IRS fails to scrutinize network activity properly, audit says

The Internal Revenue Service tightened the security of its computer network but failed to save and review records adequately that could indicate if hackers were trying to break into the agency's systems, according to a report released on Monday by the IRS inspector general.

The IRS deployed an effective intrusion detection system that monitors and tracks suspicious activity on its networks, the IG reported. The agency also developed appropriate access controls to ensure only authorized employees can view or download information on the network.

But the IRS failed to comply with its own guidelines for saving and reviewing the audit logs that show what traffic the agency's routers and firewalls had blocked or allowed into the network, according to the report. Each connection from the IRS network to the Internet uses firewalls, which serve as barriers to block unwanted data, and routers, which perform basic filtering before passing communications through to firewalls. Audit logs track these activities.

"Audit logging is critical . . . to detect potential security events such as hacking attempts and other malicious threats," the IG reported. The audit showed that "audit logs were not adequately saved and reviewed."

IRS guidelines require someone other than the system or database administrator reviews audit logs to identify questionable network activities and to report security incidents.
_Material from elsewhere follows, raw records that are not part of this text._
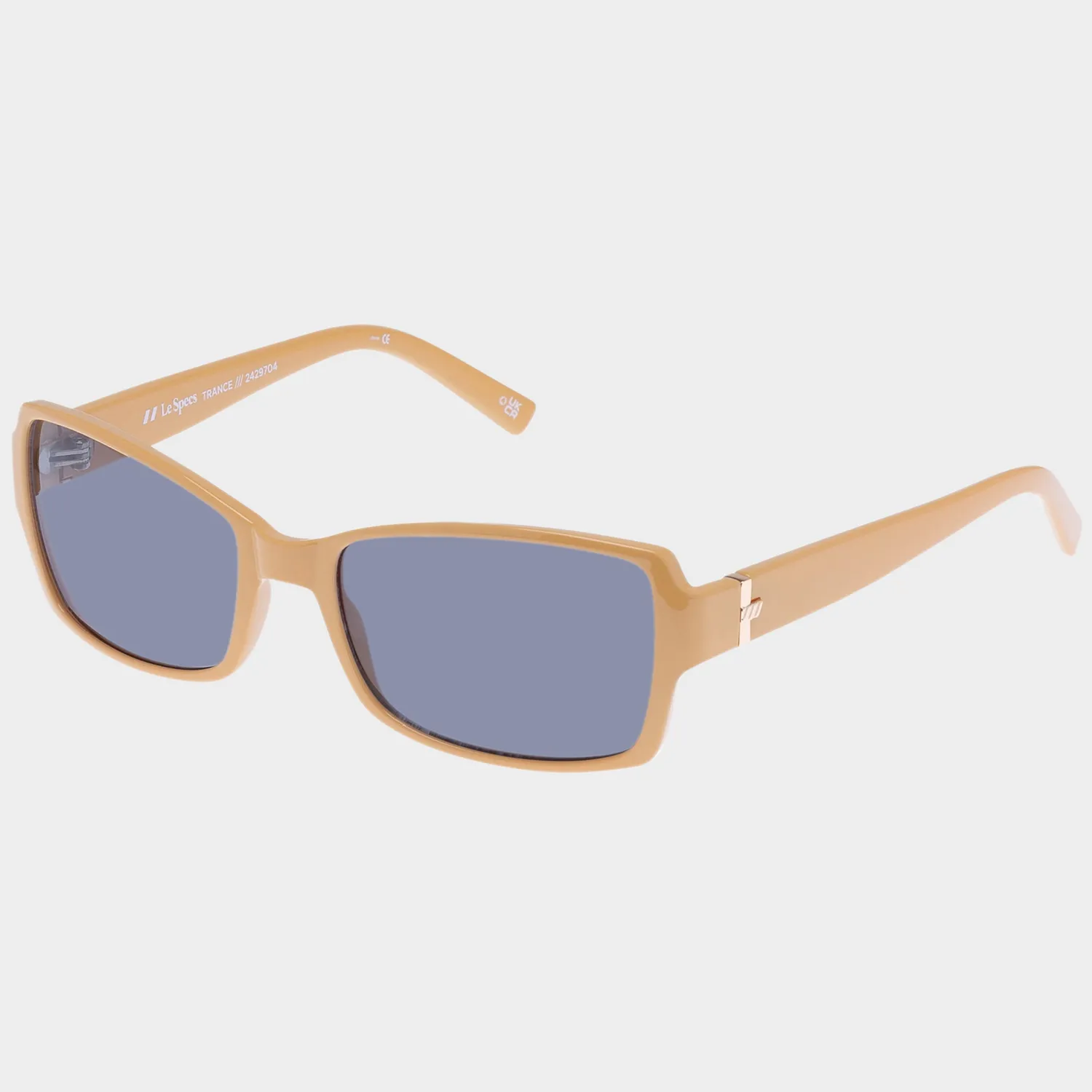 Le Specs Trance occhiale da sole giallo wrap riciclato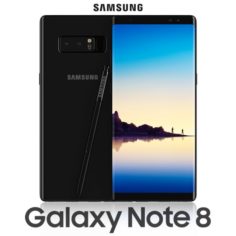 Samsung Galaxy Note 8 Midnight Black 3D Model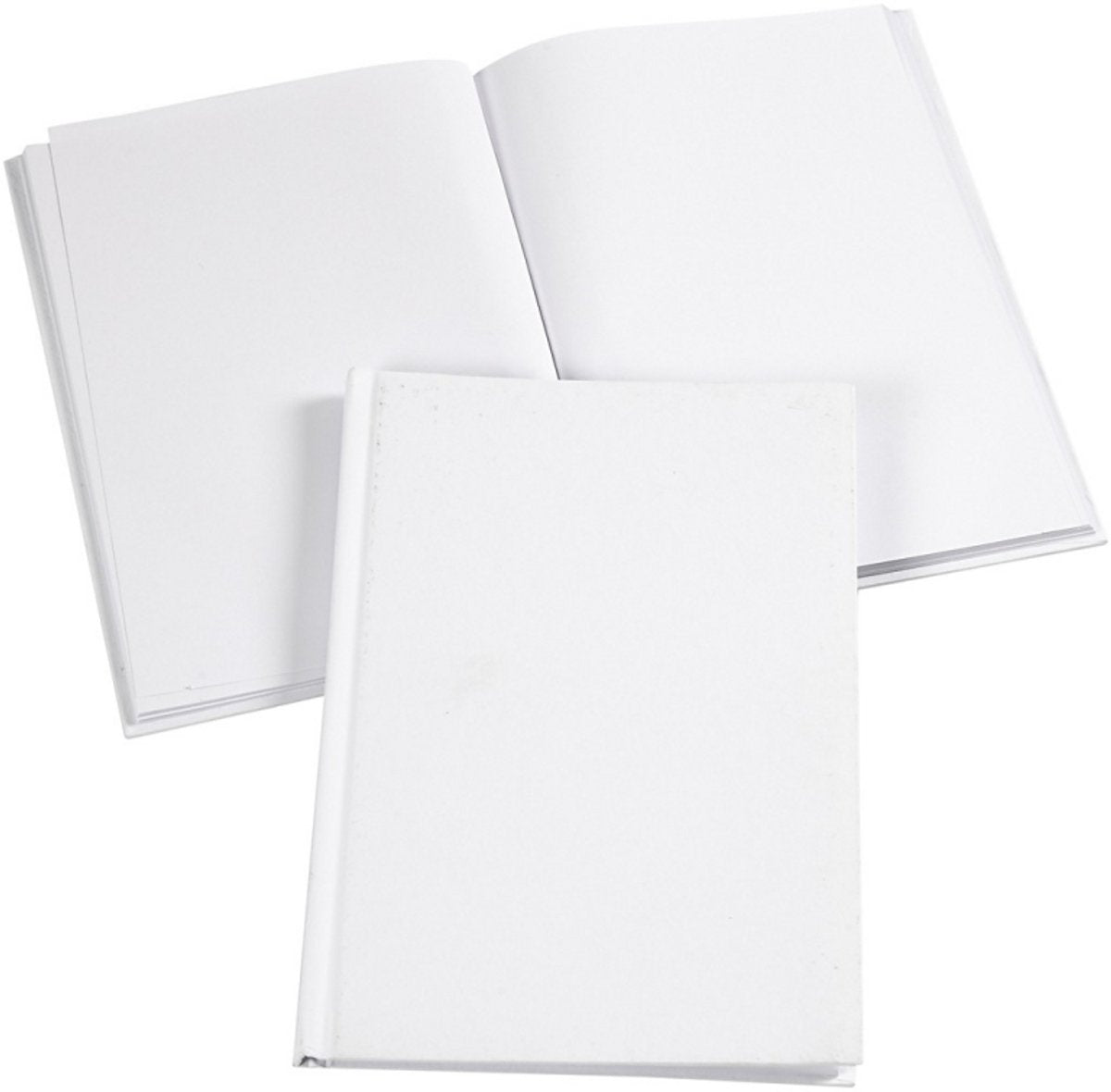 Notizbuch von Creativ Company, weiß, A5, 60 Seiten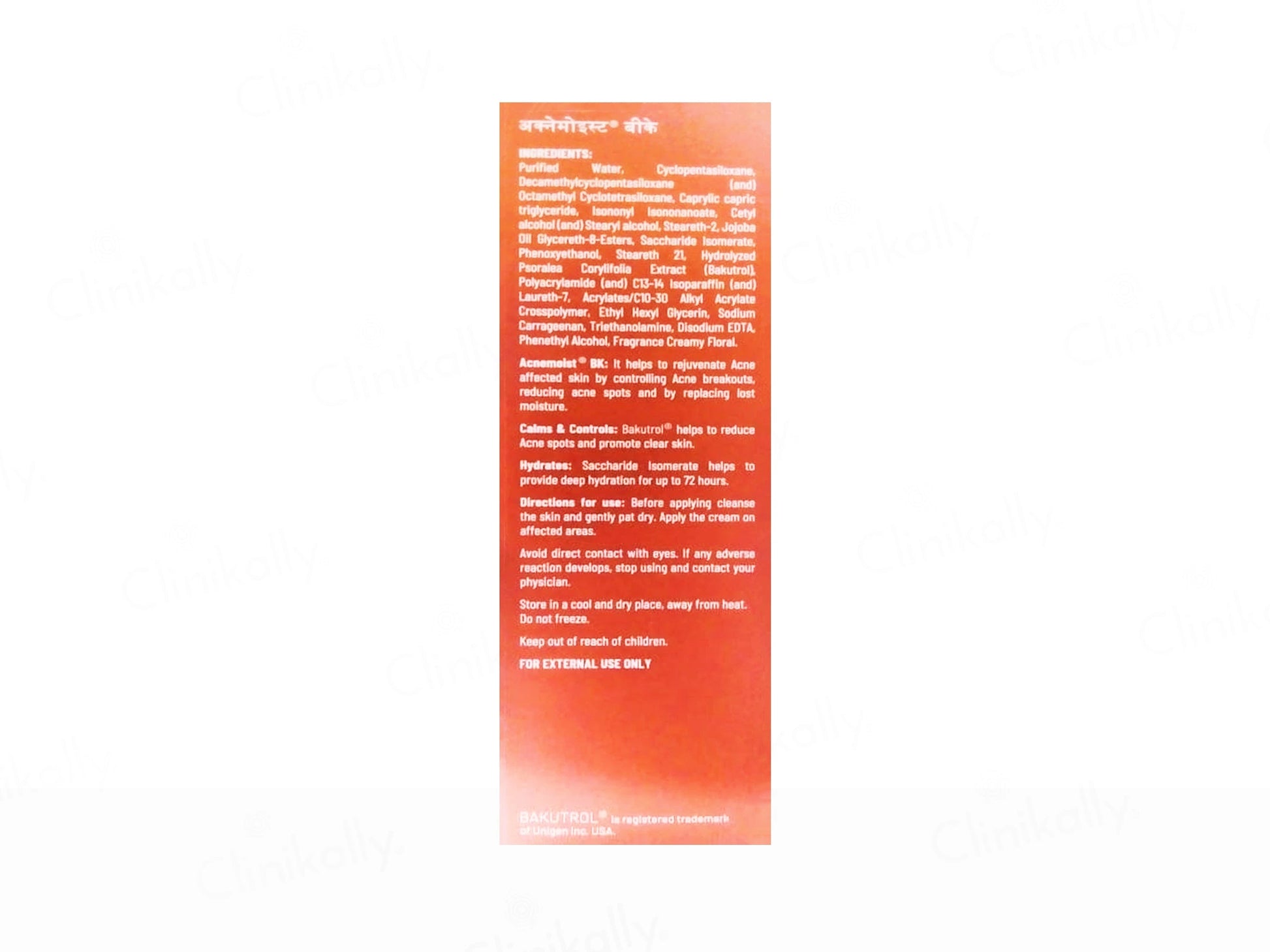 Acnemoist BK Cream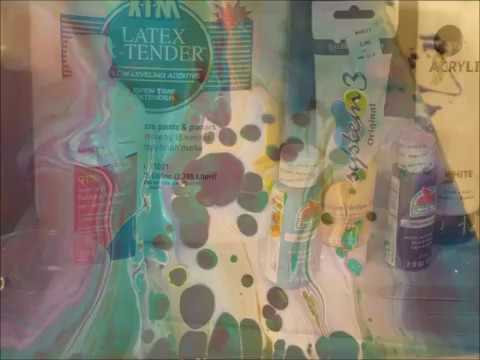 Trying out a new acrylic pour technique, no silicone , no torch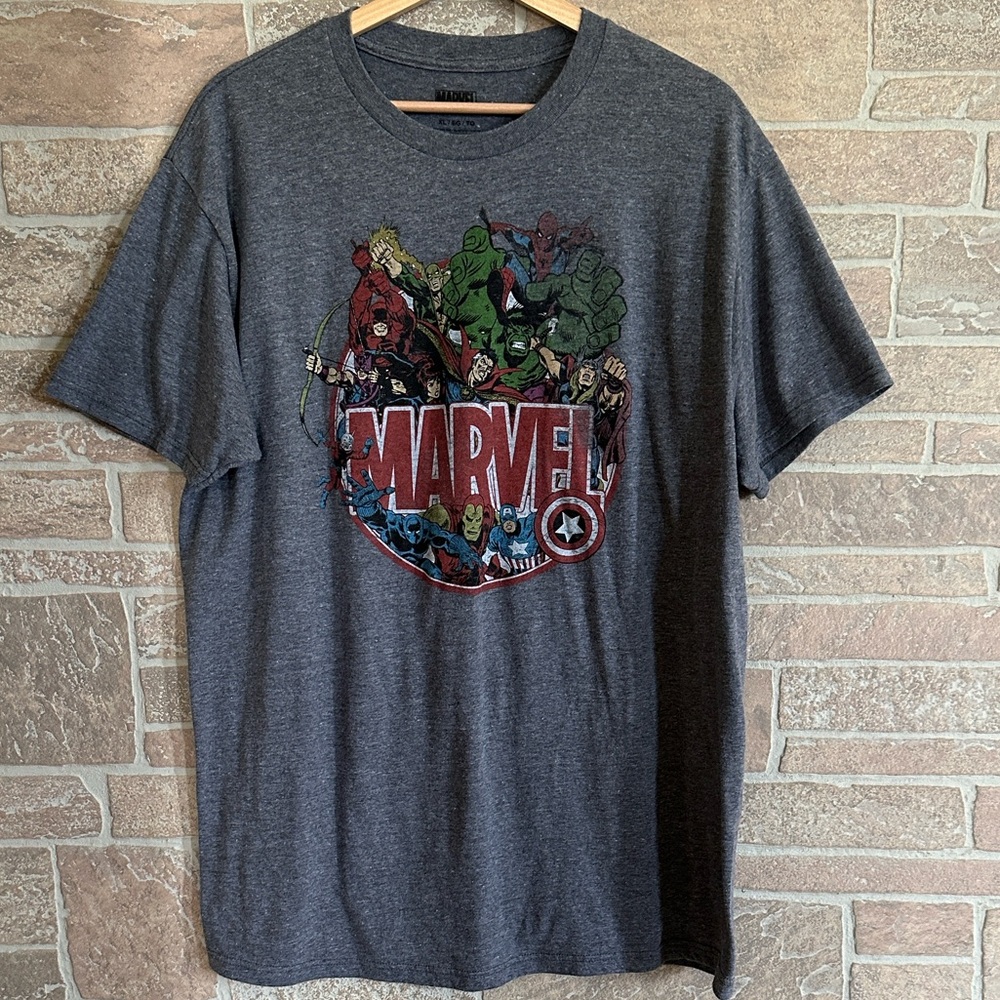 Marvel Superhero Graphic Gray Tee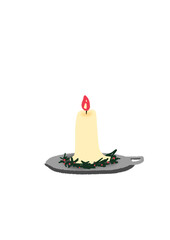 christmas candle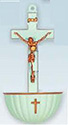 Holy Water Font-Crucifix, Luminous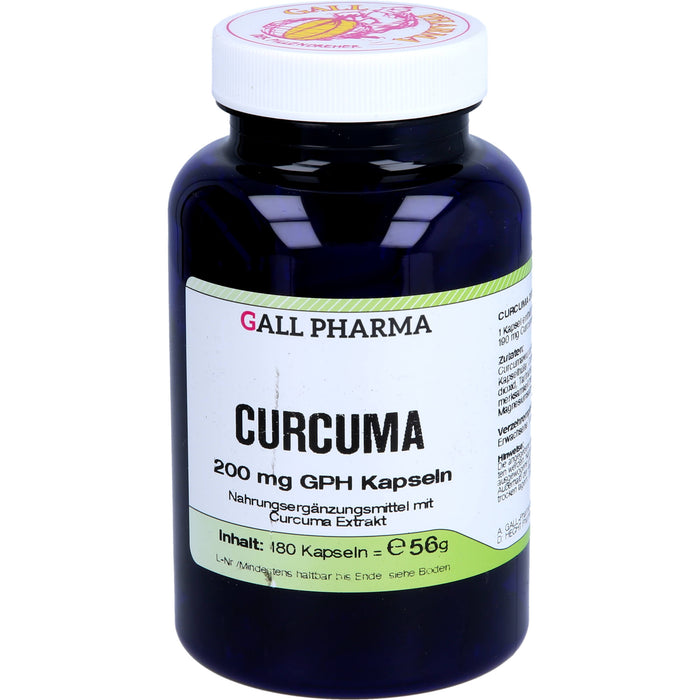 GALL PHARMA Curcuma 200 mg GPH Kapseln, 180 pc Capsules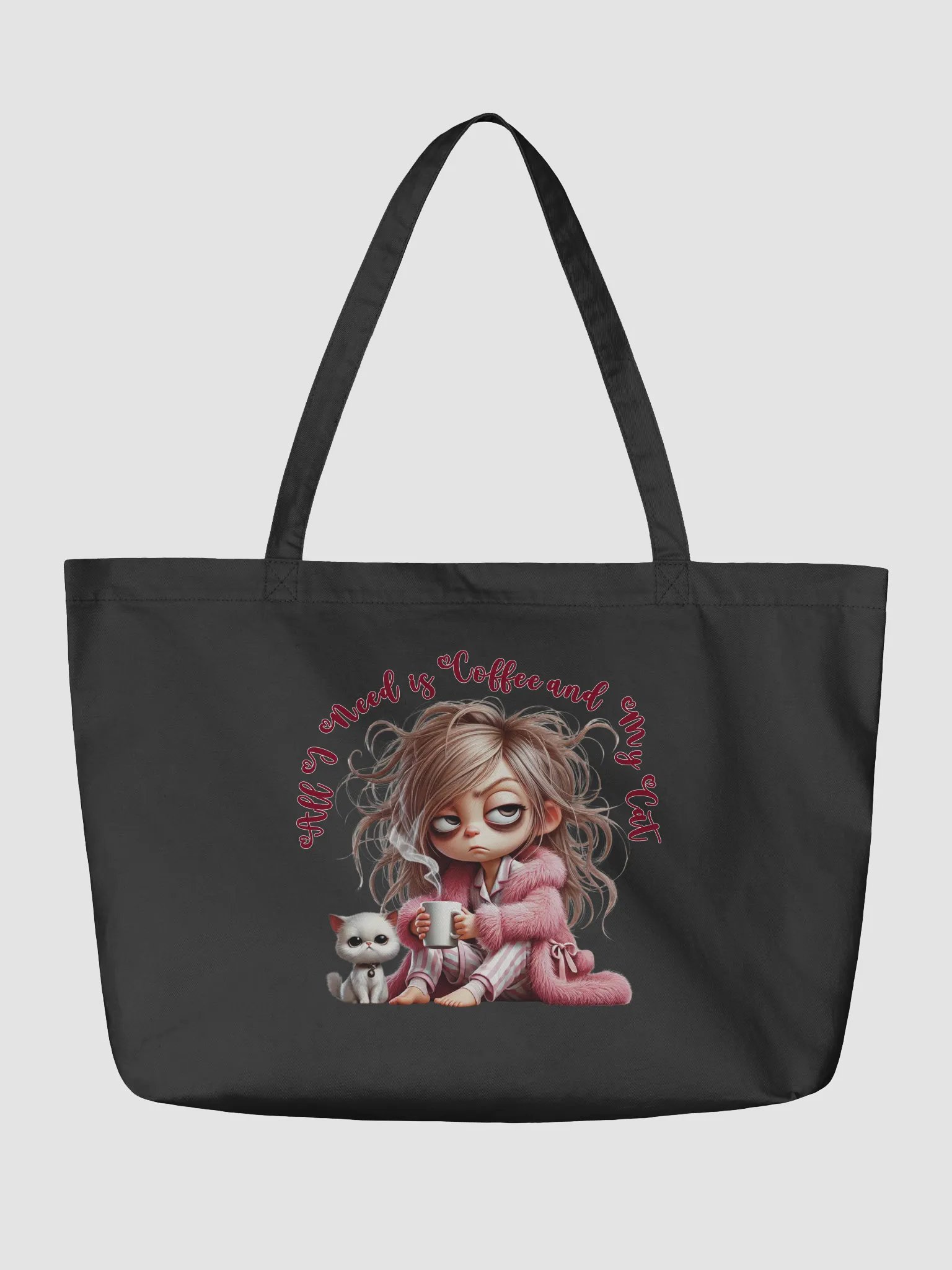 All I Need is Coffee and My Cat Organic Tote Bag product image (3)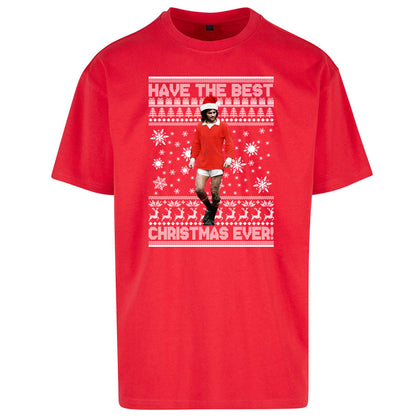 Christmas George Best Oversized T Shirt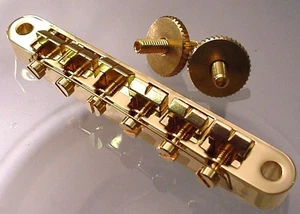 GOLD ERSATZ TUNE O MATIC E-GITARRENSTEG - Bild 1 von 4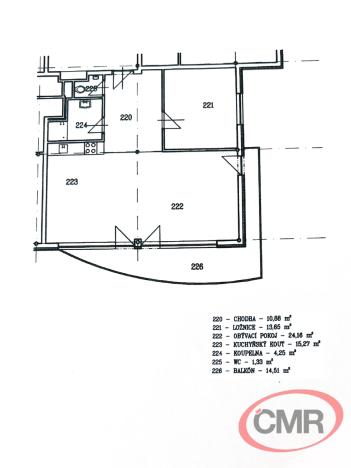 Pronájem bytu 2+kk, Praha, Čimická, 84 m2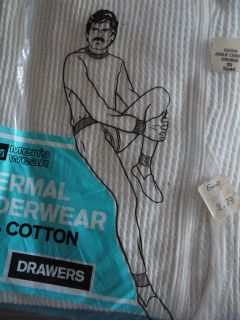 Vtg Mens LONG JOHNS Thermal UNDERWEAR XL Underpants NWT  Drawers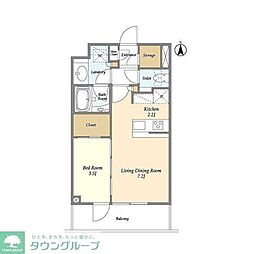 間取図画像 1LDK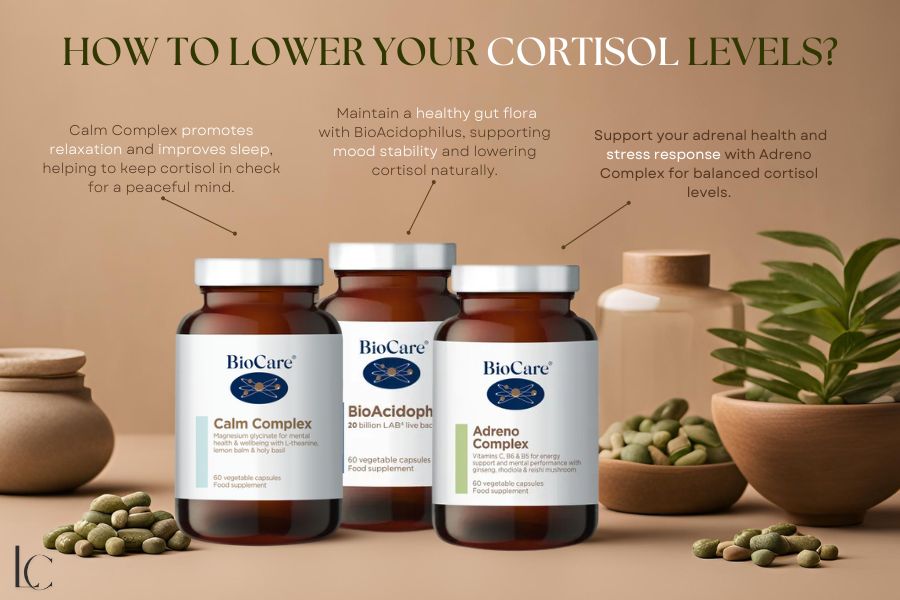 what supplements lower cortisol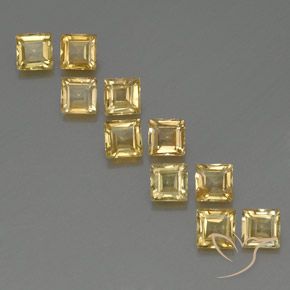 Golden Sapphire Gem - 0.4ct Square Facet (ID: 357053)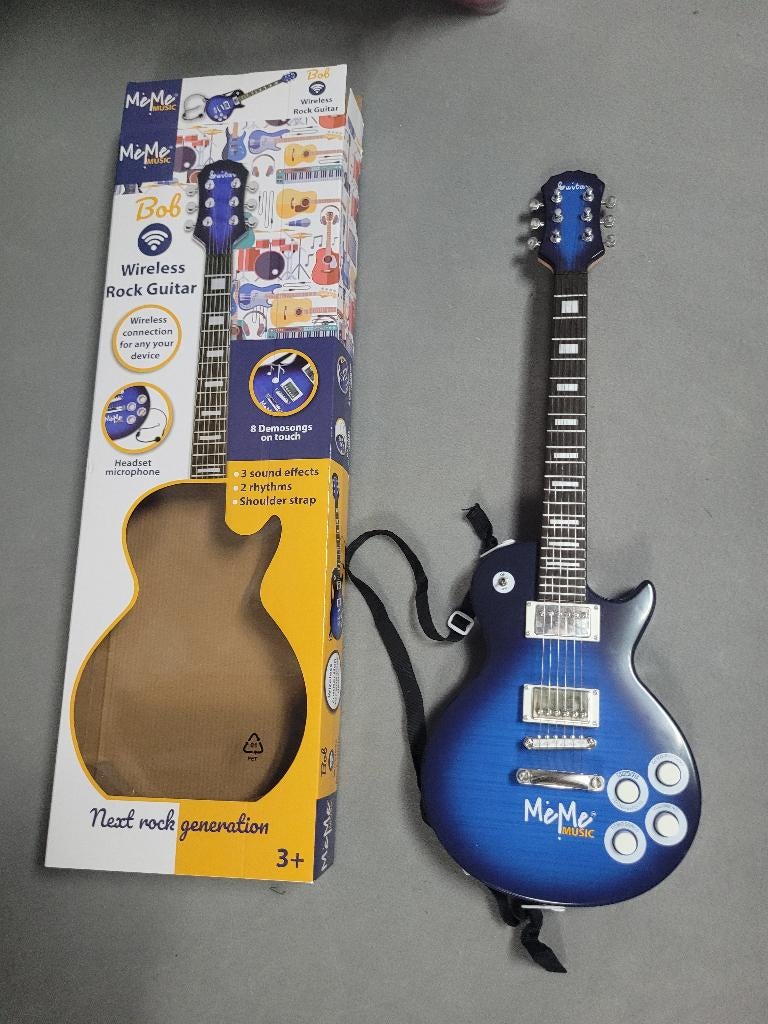 Elektrische kinder gitaar, Ophalen of Verzenden, Zo goed als nieuw, Met geluid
According to the report, the database administrator for routers, who was responsible for creating and assigning privilege levels for system administrator accounts, was the only person with access to the audit logs. The IG said restricting the access was a high risk.

The IG rated as moderate risk the IRS's failure to comply with its guidelines or those set by the National Security Agency to save firewall and router audit logs to two separate servers to protect against unplanned loss of data.

Also rated as a moderate risk was inaccurate and inconsistent time stamps on the router and firewall clocks that track when specific network activities occur. This could prevent identification of coordinated attacks on Internet gateways and hamper subsequent criminal procedures, the IG reported.

Unnecessary services also were enabled on routers, but the IG redacted details about the services in the publically released version of the report. The IG also blacked out results of its evaluation of the security configurations of IRS firewalls and routers and remote devices. The report did note, however, that 32 local system administrators had mid-level and full system administrator privileges, which could introduce vulnerabilities if not properly managed.

"If passwords are compromised," the IG reported, "an unauthorized user could use accounts with high-level privileges to access routers and make changes to gain access to sensitive data on the IRS network."

In response to the report, the IRS says it has assigned independent review of audit logs for routers and firewalls to the associate chief information officer of cybersecurity, configured all gateway firewalls and routers to use appropriate time stamps, and developed procedures for ensuring standard security configurations are installed consistently. By February, the agency also will implement procedures for saving audit log data from firewalls and routers to backup servers.